It is critical to promote the necessary environments for a IdM implementation. These are required for testing and patching and for integrating each individual system to which access will be granted.
In a federated architecture working with 3rd parties then for each third party a set of test & contract agreement environments will be needed
If the architecture is a partial migration then environments may need to be consolidated
As the IdM system is a security component it is recommended to introduce good deployment policies at this stage, for example separation of package naming and deployment.
Phase F: Information Systems Architecture & Technology Architecture: Security Policies
Security risks must have been identified and the responsibility for the identity management system must be agreed early
If the solution is a migration project then the legacy security policy from implementation must be compared with the organisation’s policies and the ambition for secured systems
Conclusion: Is TOGAF a suitable Enterprise Architecture model for something as generic and security conscious as identity management At an organisational level an identity management programme is normally initiated to provide a business enablement capability (e.g. SSO or Federation), a legal requirement (e.g. Healthcare) and / or a security capability (e.g. reduced DDoS exposure). At a national / government level an identity management projects vary in scope and identity ownership architecture. Austria’s Zentrales Melderegister (ZMR) or Denmark’s Det Centrale Personregister are examples of identity owning identity management projects working to enable access to eGovernment services. The UK Cabinet Office’s Identity Assurance programme has the same goals but externalises the identity lifecycle to trusted identity providers. Furthermore some programmes such as the UK land registry are not immediately concerned with individual identity but have a strong identity management capability encapsulated within a larger data structure. For both organisational & governmental IdM deployments the TOGAF ADM model can be applied. The TOGAF ADM model is designed to provide an organisational enterprise architecture capability. However TOGAF ADM can be applied to just IdM because Identity Management is a sufficiently complex area and the number trusted identity providers increases. The ADM is suitable for an Identity Management programme but overall enterprise architecture should be applied to all organisational data & security capabilities.
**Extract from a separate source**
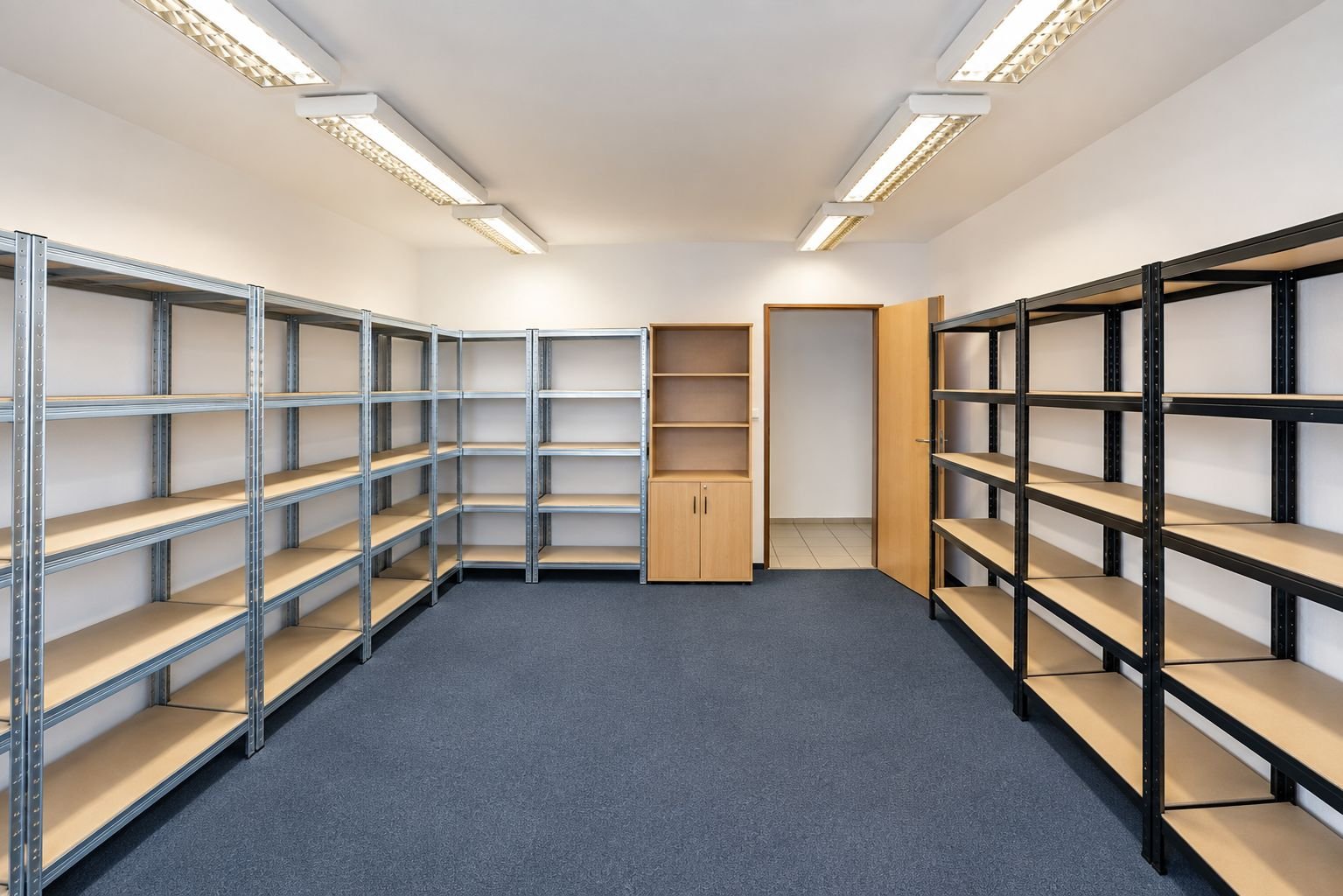 Pronájem kanceláře 12 m² – centrum Jihlavy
This article is how I would deliver an Identity Management architecture and implementation in accordance with the Open Group’s TOGAF architecture development method. This post is based on my personal experience as a digital enterprise architect and as a solution architect implementing indenting management, master data management and security systems. I intend this to be part of a series on applying TOGAF and using IdM as an example. In this first post I will only describe the functional capability necessary for an IdM system and will focus on the TOGAF definitions for stakeholder, concern, view and viewpoint.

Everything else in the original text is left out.